Unlike the real world, the materials provided by Sora are unlimited. Unlike other cultural video products, Sora's videos can be modified and processed. This makes the videos it generates more in line with the imagination and creativity of users.
This seems to be the core idea of Sora's product this time: to the greatest extent possible, make the generated video meet the creativity that users want in their hearts.
This will help you better understand Sora's other features, such as being able to modify videos directly through text, seamlessly merge two different videos, and change the style of a video, which is equivalent to adding "special effects" to the video directly. However, general text video products may require constant adjustment of prompts and constant regeneration of videos.
By adjusting the text, the user can directly adjust the video | Image source: OpenAI
Sora can merge two videos into a seamless clip | Image source: OpenAI
In general, in addition to Sora's unexpectedly outstanding performance in generating videos, it also brings more unique video creation product functions, which is equivalent to adding storyboards, editing, and special effects to videos. This means that everyone has the opportunity to create the expression they really want, and is closer to being a director.
"If you go into Sora with expectations and think you can generate a movie with just one click of a button, then I think your expectations are wrong," said an OpenAI researcher.
He said that Sora is a tool that allows people to try multiple ideas in multiple places at the same time and try things that were completely impossible before. "In fact, we think this is a super special extension of creators."
02 ServicesThe public does not charge separately, but still relies on the ability of the underlying model
As the pioneer of the Vincent video track, Sora's launch time is the latest. In this regard, the OpenAI research team said that in order to widely deploy Sora, it is necessary to find ways to make the model faster and cheaper. To this end, the research team has done a lot of work.
In the live broadcast, OpenAI announced the launch of Sora turbo, a new high-end accelerated version of the original Sora model. It has all the features that OpenAI talked about in its "World Simulation Technology" report earlier this year, and also adds the ability to generate videos from text, animated images, and hybrid videos. This is the technical foundation behind the Sora product features.

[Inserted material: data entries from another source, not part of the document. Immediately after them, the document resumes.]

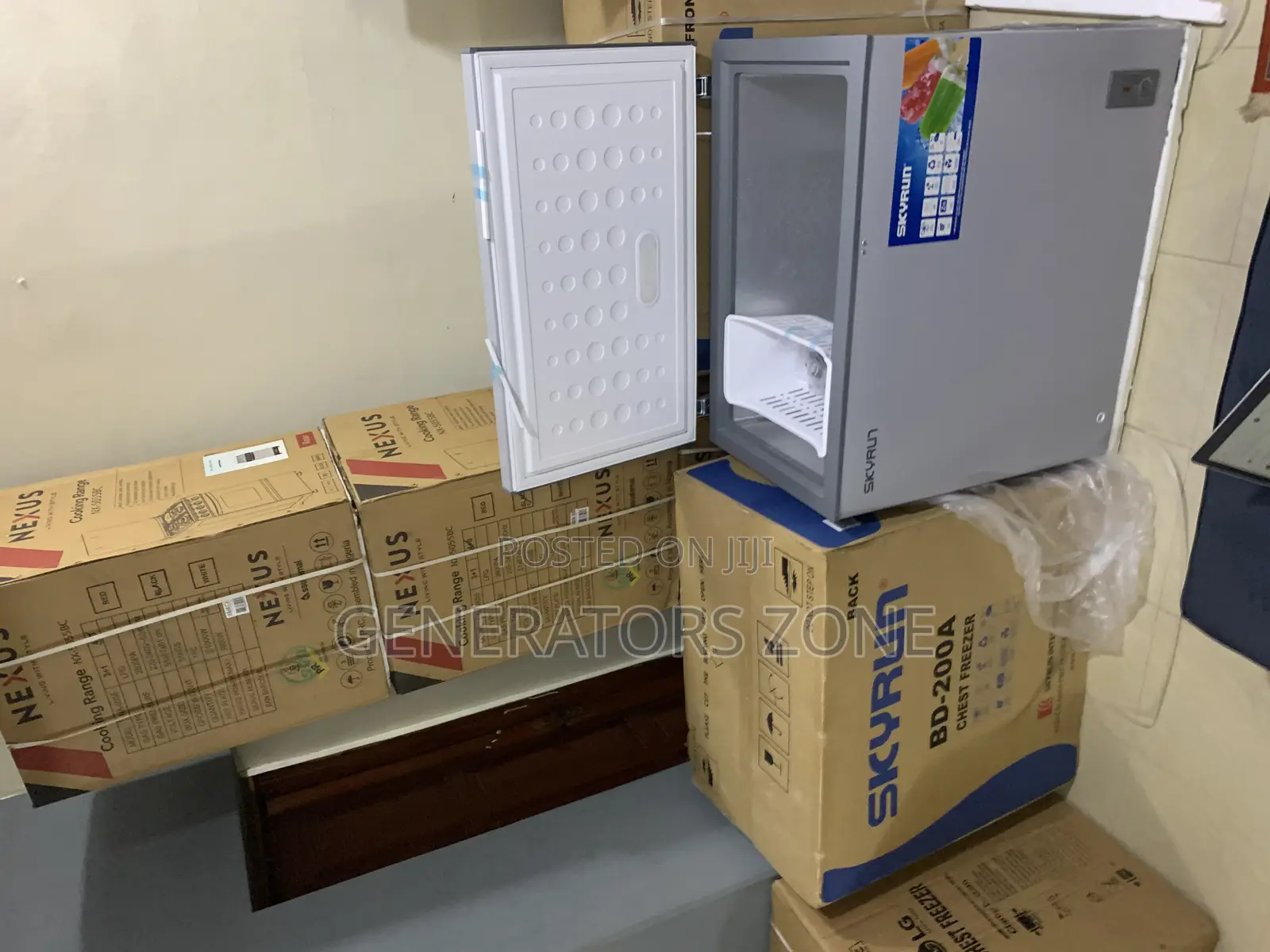 Popular Skyrun 200L Chest Freezer With Lock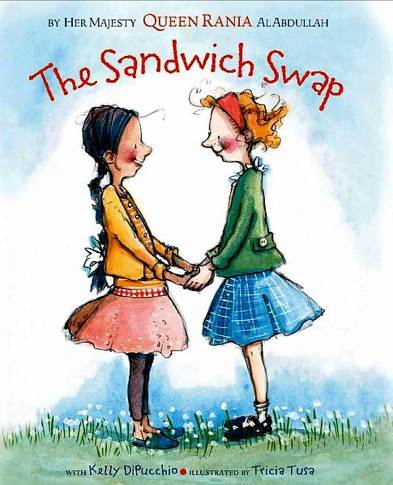 The Sandwich Swap - Kelly DiPucchio (- Paperback) book collectible [Barcode 9780545448611] - Main Image 1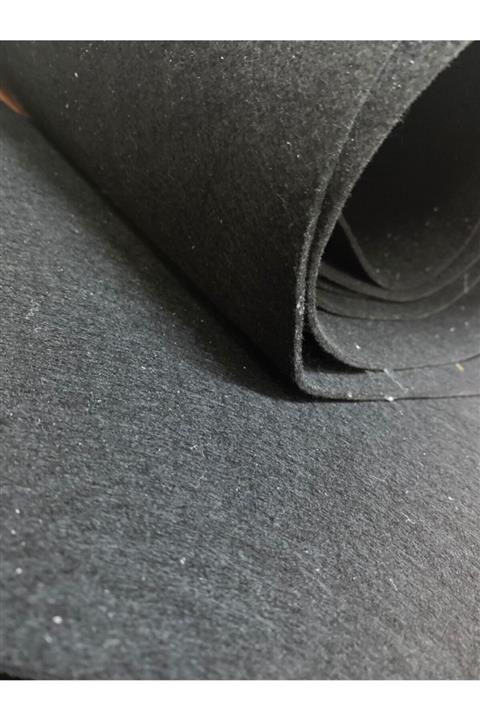 EndKsm Renkli Hobi Keçe Siyah (25cmx25cm)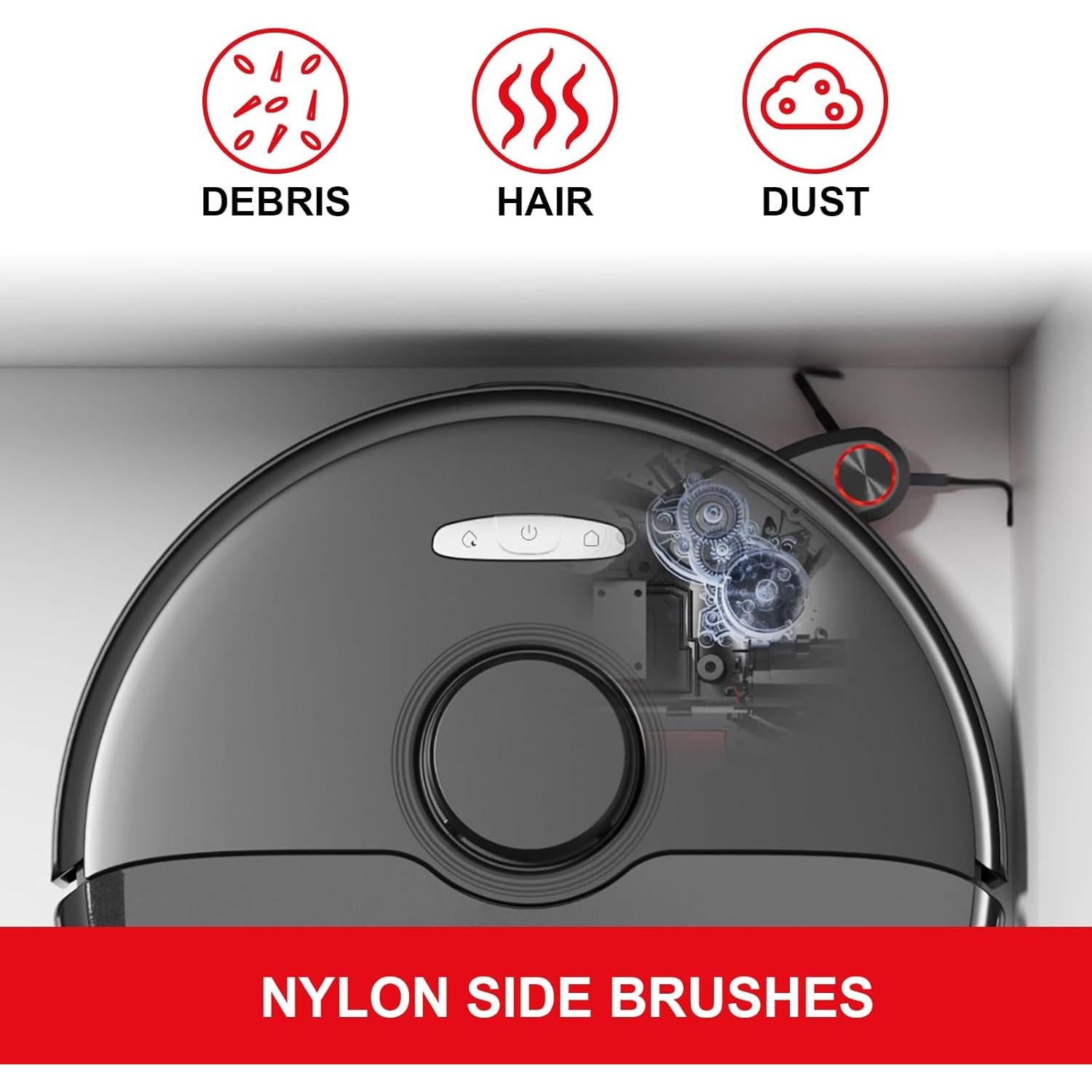 Kit 29 Piezas Accesorios Aspiradora Roborock S8 Max/S8 MaxV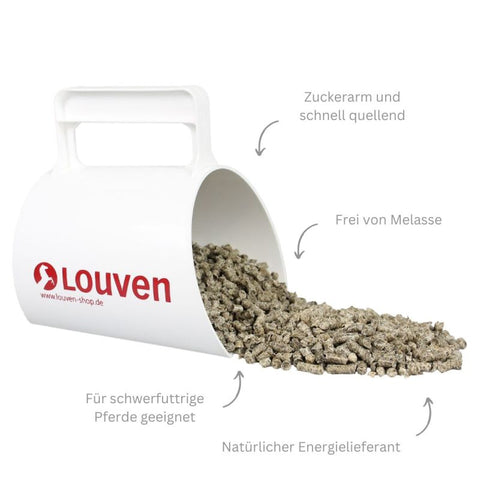 Louven Rübenschnitzel 6 mm unmelassiert 25kg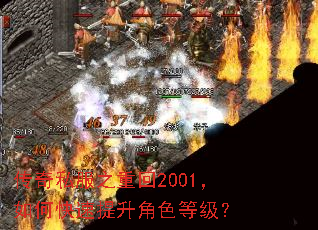 传奇私服之重回2001,如何快速提升角色等级? 传奇私服之重回2001,如何快速提升角色等级?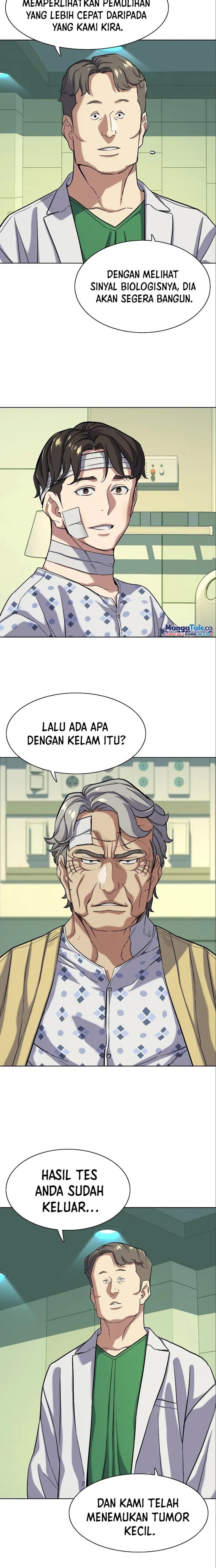 The Youngest Son Of A Rich Family Chapter 70 Image 5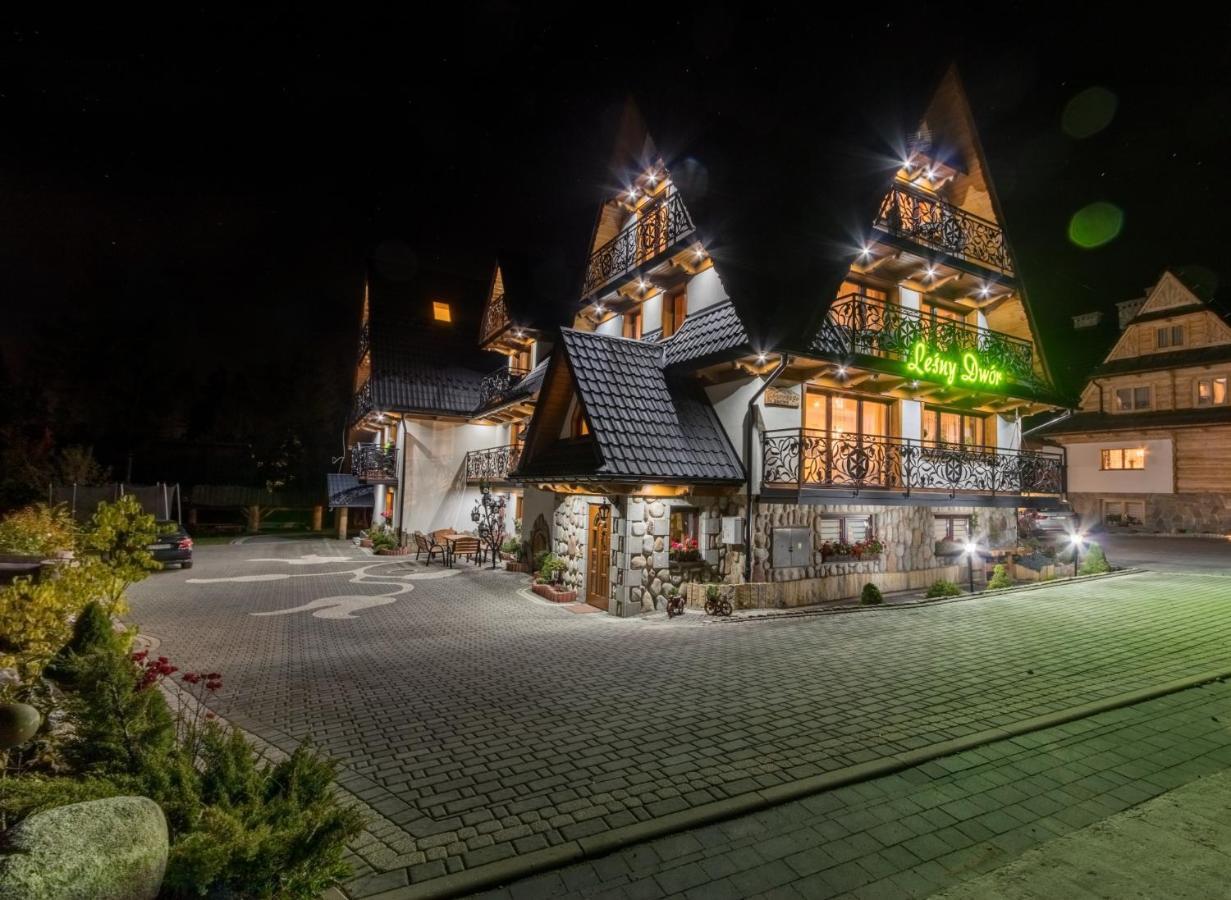Lesny Dwor Bed & Breakfast Murzasichle Ngoại thất bức ảnh
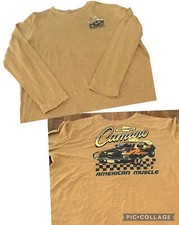 GM TShirt Shirt Mens 2XL Camaro Chevy General Motors Long Sleeve American Muscle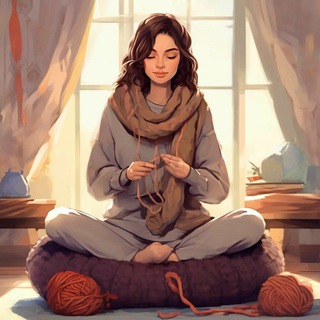 Уроки вязания и рукоделия 🧶🧵🪡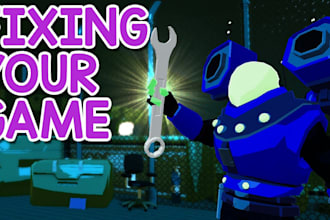 test and review your game, fix your mod or game issues and create custom mod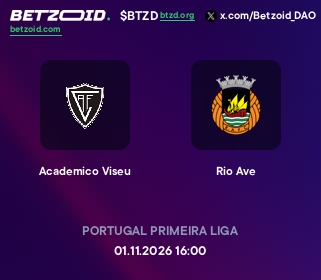 Academico Viseu - Rio Ave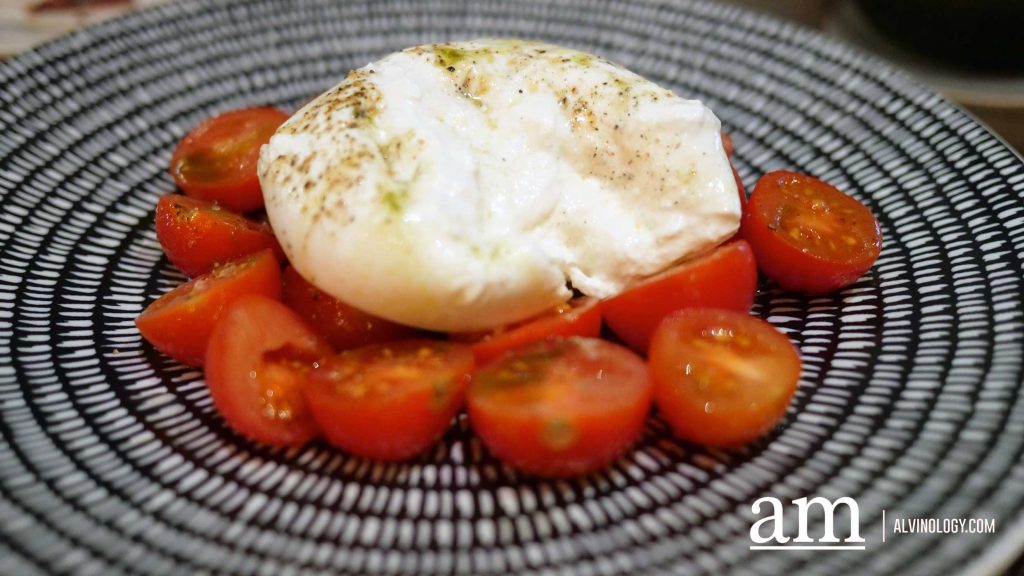 [Review] Revamped Menu at lLido Group's Amò Italian Restaurant in Hong Kong Street - Alvinology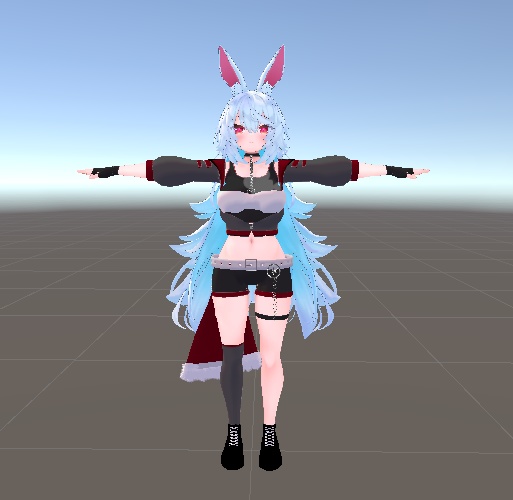 【無料】たぶんストリート系っぽい衣装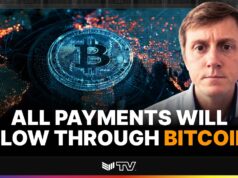 Bitcoin Will Settle 100% Of Global Payments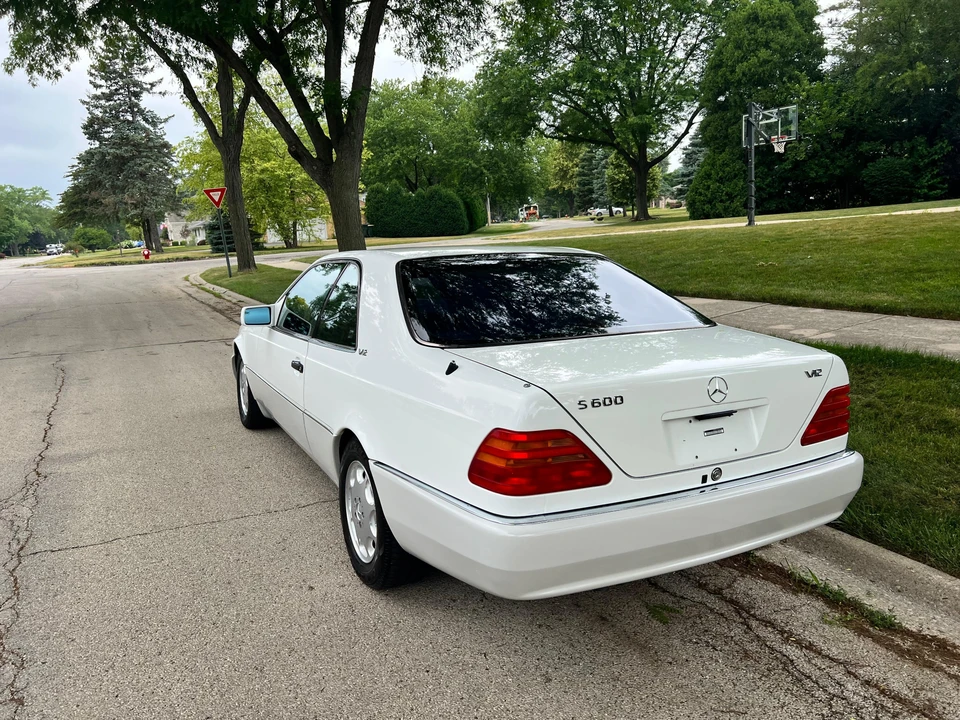 1995 Mercedes-Benz C140 CL-Class - Image 24 of 31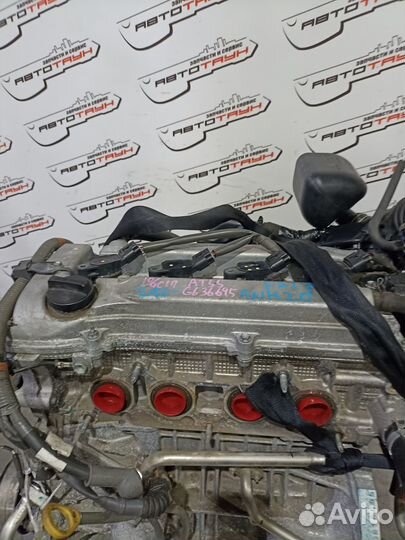 Двигатель toyota daihatsu 2AZ-FE. kluger V mark X ZIO previa RAV4 solara vellfire. ANH10W ANH15W ANH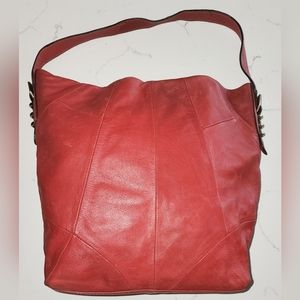 OrYANY leather shoulder handbag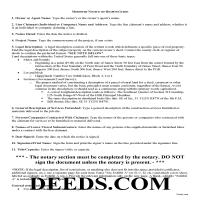 Reynolds County Notice of Rights Guide Page 1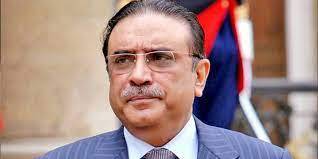 Asif Ali Zardari (File photo).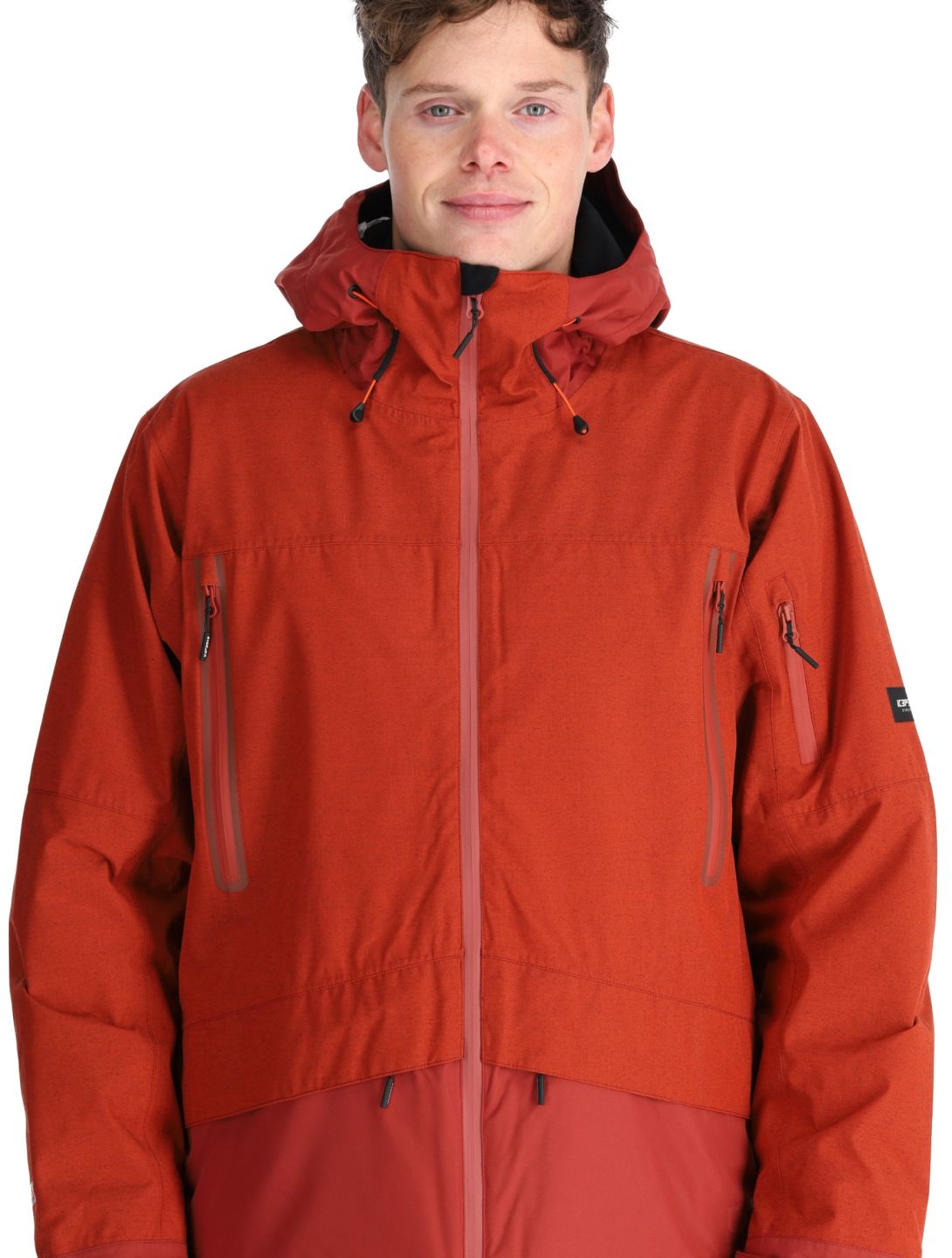 Icepeak, Castres ski jacket men Orange orange 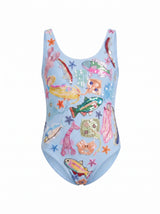 Arizona Kids Swimsuit Multi Colour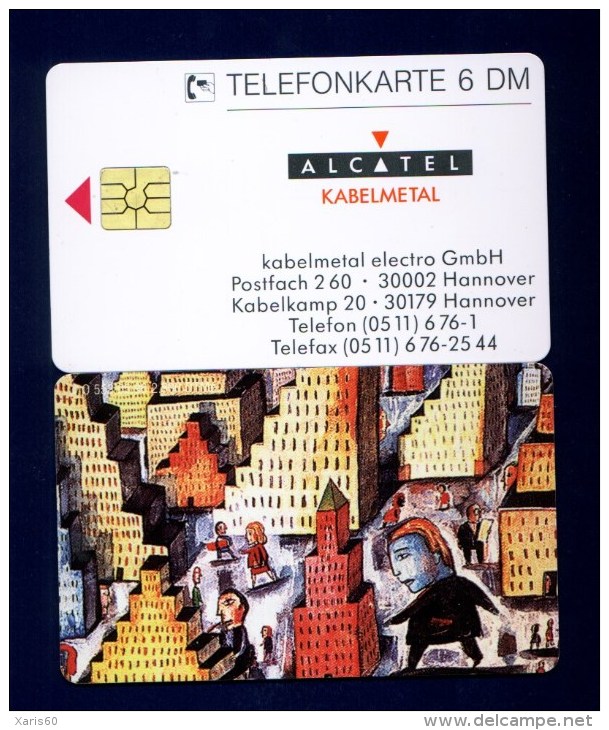 GERMANY: O-559 05/96  "ALCATEL KABELMETAL" Unused. (2.000ex) - O-Serie : Serie Clienti Esclusi Dal Servizio Delle Collezioni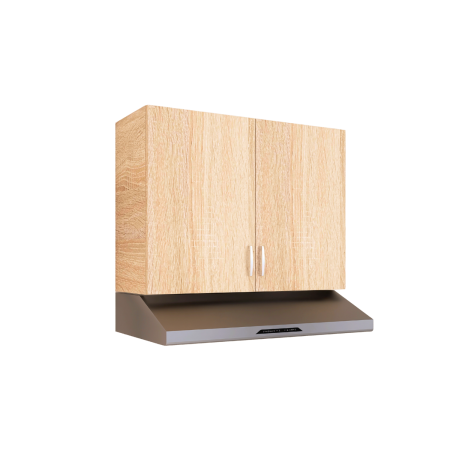 Corpuri Superioare - Corp Bucatarie Hota Clasica, H50 x A32 x L60 cm PaL 18mm, Culoare Sonoma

It seems that video is more expensive to infer than text, but OpenAI is not charging for Sora separately this time. Sora is available to ChatGPT Plus members at $20/month and ChatGPT Pro members at $200/month.
The former benefits include up to 50 premium videos with a resolution of 720p and a duration of 5 seconds, while the latter benefits include up to 500 premium videos, unlimited regular videos with a resolution of up to 1080p, a duration of 20 seconds, and no watermarks on downloads.
Use quota of Sora by different members | Image source: OpenAI
Sora means more to OpenAI than this. The team found that video models show many interesting new capabilities when trained on a large scale, allowing Sora to simulate certain aspects of people, animals, and environments in the real world. "Our results show that expanding video generation models is a promising path to building a universal simulator of the physical world."
Perhaps this is why it is so important for OpenAI's ultimate AGI dream to make Sora available to the public as soon as possible and to use data to better train world models.
On the road of iterative technology, it also promotes human creation.
"This version of Sora will make mistakes, it's not perfect, but it's gotten to the point where we think it will be very useful for enhancing human creativity. We can't wait to see what the world will do with it." said OpenAI, which created it.